In Conjunction with Egypt’s Review of Its Report at the Human Rights Council: Maat Discusses Civil and Political Rights in Egypt

Maat for Peace, Development and Human Rights in partnership with Elizka Relief Foundation held, on Wednesday, November 13, 2019, a seminar on civil and political rights in Egypt, on the sidelines of the 34th session of the Universal Periodic Review (UPR). It coincided with Egypt’s review of its report before the Human Rights Council in Geneva.

The speakers of the seminar were; Mr. Ayman Okeil, President of Maat Foundation, Counselor Ayman Fouad, Sherif Abdel Hamid, Director of Research and Studies Unit at Maat, Islam Fawki, Director of Policy Analysis Unit at Mat, Abdul Rahman Pasha, Representative of the Major NGO Group in Africa, and Nourhan Mostafa, Researcher at the International Alliance for Peace and Development.

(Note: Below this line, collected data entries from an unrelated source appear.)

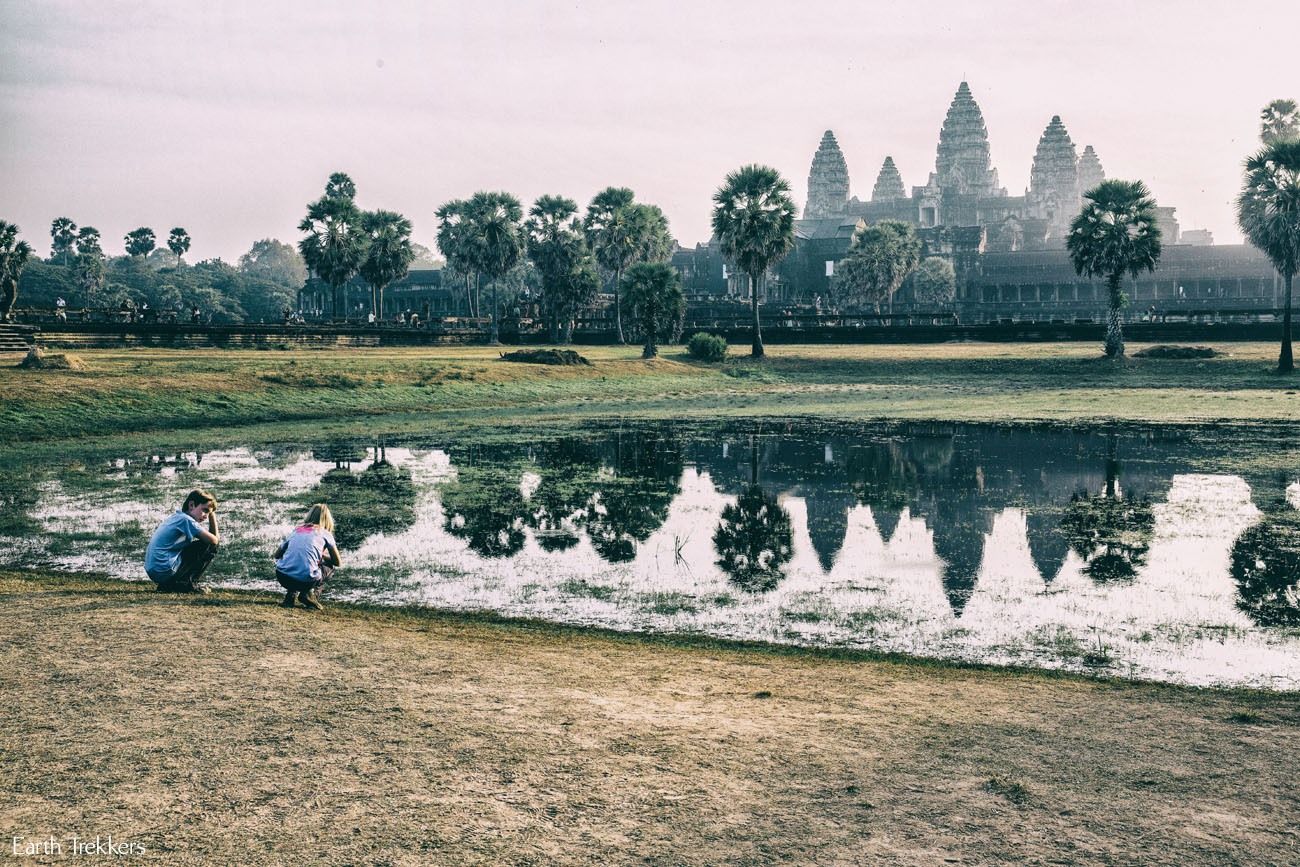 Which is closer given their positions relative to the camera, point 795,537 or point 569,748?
point 569,748

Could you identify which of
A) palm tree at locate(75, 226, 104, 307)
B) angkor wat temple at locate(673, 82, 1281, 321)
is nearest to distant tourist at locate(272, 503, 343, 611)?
angkor wat temple at locate(673, 82, 1281, 321)

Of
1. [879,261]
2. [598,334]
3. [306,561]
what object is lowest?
[306,561]

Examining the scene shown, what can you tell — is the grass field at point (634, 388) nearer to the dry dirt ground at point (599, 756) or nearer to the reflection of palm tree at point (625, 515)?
the reflection of palm tree at point (625, 515)

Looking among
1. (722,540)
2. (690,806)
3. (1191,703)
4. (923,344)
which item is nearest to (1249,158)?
(923,344)

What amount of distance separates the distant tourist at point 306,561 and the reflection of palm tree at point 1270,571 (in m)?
9.86

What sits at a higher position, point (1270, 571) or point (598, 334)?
point (598, 334)

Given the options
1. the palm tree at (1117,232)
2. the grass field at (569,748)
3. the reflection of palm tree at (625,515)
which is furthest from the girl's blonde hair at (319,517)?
the palm tree at (1117,232)

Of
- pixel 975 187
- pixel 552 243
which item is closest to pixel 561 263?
pixel 552 243

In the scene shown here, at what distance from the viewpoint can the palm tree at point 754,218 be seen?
2643 inches

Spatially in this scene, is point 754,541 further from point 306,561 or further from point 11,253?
point 11,253

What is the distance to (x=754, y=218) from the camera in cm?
6712

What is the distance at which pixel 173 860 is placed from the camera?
6043 mm

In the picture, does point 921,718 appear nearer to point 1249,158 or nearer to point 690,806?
point 690,806

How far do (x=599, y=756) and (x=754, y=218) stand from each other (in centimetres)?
6151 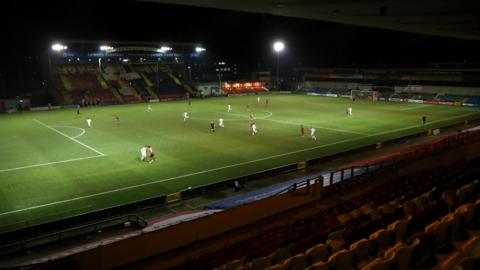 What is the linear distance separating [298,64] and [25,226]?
307 ft

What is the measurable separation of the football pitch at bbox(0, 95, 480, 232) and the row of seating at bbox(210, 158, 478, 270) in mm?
12695

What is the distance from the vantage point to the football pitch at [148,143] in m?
22.5

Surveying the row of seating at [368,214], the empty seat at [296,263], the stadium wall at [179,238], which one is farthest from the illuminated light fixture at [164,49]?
the empty seat at [296,263]

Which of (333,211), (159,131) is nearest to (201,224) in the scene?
(333,211)

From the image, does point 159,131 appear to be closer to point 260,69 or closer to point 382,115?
point 382,115

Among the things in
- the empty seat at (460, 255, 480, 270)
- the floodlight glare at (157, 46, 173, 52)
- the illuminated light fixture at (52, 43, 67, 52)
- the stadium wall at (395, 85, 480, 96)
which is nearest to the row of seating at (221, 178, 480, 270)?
the empty seat at (460, 255, 480, 270)

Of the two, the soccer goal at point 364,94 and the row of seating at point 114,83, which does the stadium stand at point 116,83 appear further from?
the soccer goal at point 364,94

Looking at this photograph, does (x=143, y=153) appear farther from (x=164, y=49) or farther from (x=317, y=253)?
(x=164, y=49)

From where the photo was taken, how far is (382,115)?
51.2 meters

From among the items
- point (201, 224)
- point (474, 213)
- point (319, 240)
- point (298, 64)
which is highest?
point (298, 64)

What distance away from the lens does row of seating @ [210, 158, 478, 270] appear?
931cm

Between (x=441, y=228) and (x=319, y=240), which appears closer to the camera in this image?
(x=441, y=228)

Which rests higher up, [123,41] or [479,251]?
[123,41]

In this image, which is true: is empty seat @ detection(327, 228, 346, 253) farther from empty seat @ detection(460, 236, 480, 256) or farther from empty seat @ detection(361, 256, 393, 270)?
empty seat @ detection(460, 236, 480, 256) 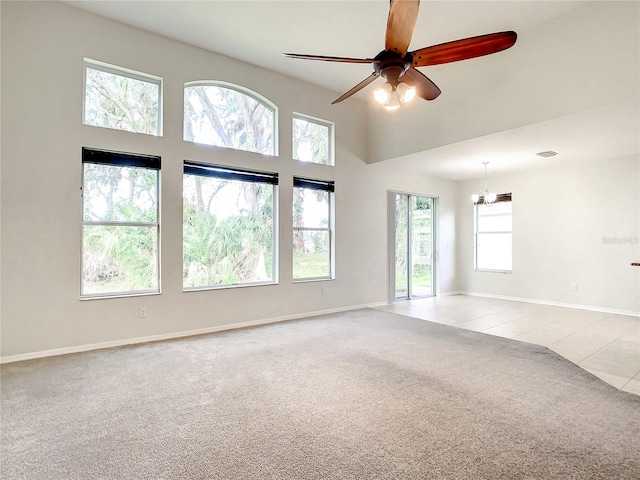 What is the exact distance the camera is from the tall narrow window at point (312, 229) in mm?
5598

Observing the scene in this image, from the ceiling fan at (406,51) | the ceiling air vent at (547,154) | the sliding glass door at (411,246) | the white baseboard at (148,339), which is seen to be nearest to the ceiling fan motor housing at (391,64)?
the ceiling fan at (406,51)

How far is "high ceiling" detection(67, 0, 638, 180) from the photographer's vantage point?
372cm

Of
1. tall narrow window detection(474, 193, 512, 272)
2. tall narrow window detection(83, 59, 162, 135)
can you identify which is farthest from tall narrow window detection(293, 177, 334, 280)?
tall narrow window detection(474, 193, 512, 272)

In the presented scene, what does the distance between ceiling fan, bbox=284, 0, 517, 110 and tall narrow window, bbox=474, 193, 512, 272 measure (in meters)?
5.43

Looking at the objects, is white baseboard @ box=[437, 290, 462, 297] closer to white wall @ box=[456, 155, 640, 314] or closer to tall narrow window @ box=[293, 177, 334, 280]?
white wall @ box=[456, 155, 640, 314]

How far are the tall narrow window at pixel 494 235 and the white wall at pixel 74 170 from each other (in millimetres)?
4640

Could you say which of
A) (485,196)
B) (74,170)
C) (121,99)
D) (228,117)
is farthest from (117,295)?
(485,196)

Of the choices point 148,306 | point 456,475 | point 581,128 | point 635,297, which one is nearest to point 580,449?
point 456,475

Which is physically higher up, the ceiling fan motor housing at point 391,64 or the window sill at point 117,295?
the ceiling fan motor housing at point 391,64

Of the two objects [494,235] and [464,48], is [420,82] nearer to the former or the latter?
[464,48]

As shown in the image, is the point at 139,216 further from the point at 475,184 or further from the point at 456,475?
the point at 475,184

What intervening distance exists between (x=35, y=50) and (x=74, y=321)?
291 cm

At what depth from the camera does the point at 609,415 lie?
7.80 ft

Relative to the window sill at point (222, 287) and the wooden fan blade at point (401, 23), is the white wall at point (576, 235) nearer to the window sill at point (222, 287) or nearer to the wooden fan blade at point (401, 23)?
the wooden fan blade at point (401, 23) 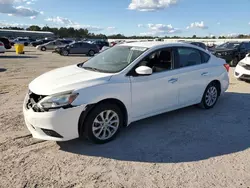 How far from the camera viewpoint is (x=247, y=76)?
928 centimetres

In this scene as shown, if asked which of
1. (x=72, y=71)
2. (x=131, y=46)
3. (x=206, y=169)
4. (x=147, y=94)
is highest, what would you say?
(x=131, y=46)

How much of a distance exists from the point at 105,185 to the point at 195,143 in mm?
1836

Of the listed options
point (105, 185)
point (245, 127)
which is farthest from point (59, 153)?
Answer: point (245, 127)

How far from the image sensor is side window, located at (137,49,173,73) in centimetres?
492

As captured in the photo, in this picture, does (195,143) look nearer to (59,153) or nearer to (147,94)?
(147,94)

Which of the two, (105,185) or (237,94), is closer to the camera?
(105,185)

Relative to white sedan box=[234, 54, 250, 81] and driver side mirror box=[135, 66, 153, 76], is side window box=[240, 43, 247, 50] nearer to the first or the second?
white sedan box=[234, 54, 250, 81]

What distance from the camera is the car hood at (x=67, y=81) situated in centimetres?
394

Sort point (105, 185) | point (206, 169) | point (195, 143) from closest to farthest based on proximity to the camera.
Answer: point (105, 185)
point (206, 169)
point (195, 143)

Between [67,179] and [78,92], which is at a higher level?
[78,92]

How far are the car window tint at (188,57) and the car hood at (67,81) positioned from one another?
1.78 metres

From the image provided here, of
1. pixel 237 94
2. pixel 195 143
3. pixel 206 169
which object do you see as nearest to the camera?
pixel 206 169

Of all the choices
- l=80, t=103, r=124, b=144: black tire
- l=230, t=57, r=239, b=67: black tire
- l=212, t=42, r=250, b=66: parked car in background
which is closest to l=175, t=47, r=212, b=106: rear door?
l=80, t=103, r=124, b=144: black tire

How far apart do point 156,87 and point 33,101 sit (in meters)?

The seminar was moderated by Monica Mina, Executive Director of International Consultations Group.

During the seminar, Okeil pointed out that Egypt had passed several laws on the organization of community action, which imposed a lot of restrictions on the work of civil society organizations, until the promulgation of Law No. 149 of 2019, which is the best of all. Okeil stressed that the most prominent characteristic of this law is the abolition of penalties undermining freedoms as well as the establishment of organizations by notification and consideration of receiving no response from the government in the due date is an approval of funding.

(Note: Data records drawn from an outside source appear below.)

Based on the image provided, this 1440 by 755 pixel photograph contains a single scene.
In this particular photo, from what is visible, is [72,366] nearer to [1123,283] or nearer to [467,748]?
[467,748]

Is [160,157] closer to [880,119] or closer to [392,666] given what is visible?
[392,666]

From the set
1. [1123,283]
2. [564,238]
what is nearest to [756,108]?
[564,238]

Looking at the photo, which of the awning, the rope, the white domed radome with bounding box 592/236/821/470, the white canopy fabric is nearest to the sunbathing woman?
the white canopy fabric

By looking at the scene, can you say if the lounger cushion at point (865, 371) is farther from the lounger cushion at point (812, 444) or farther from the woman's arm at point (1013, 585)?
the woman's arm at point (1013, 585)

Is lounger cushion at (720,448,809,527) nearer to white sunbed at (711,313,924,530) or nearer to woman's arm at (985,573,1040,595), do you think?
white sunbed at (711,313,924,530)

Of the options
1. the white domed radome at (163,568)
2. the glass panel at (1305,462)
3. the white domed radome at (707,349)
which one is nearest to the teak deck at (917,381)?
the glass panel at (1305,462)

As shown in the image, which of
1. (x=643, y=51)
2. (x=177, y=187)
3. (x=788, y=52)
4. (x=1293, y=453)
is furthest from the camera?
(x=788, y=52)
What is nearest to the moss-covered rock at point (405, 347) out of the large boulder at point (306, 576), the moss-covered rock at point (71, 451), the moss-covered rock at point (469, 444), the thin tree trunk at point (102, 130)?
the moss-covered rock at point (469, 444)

With regard to the right to demonstrate, Okeil praised the amendment to the Protest Law after the Supreme Constitutional Court decided the unconstitutionality of Article 10 that reads: “The interior minister or the security director may authorize a reasoned decision to prohibit or postpone or change the location or route of a public meeting or march or protest.” He also said that the new amendment stipulates “If the interior minister or security chiefs decide that a certain street protest would disrupt public peace… they should inform judicial authorities in advance so that they can decide whether the street protest should be banned, postponed or allowed.” Which is followed in all democratic countries.

Chancellor Ayman Fouad said that the Egyptian Constitution and laws prohibit all forms of torture, intimidation, coercion, and physical or moral injury and, consider them an imprescriptible offence. Fouad pointed out that the State’s continuous and positive efforts in the field of combating torture have led to the decline of this phenomenon as a result of the accounting and trial procedures; dozens of security personnel have been brought to trial in recent years. He added that cases of torture are individual cases, not institutional.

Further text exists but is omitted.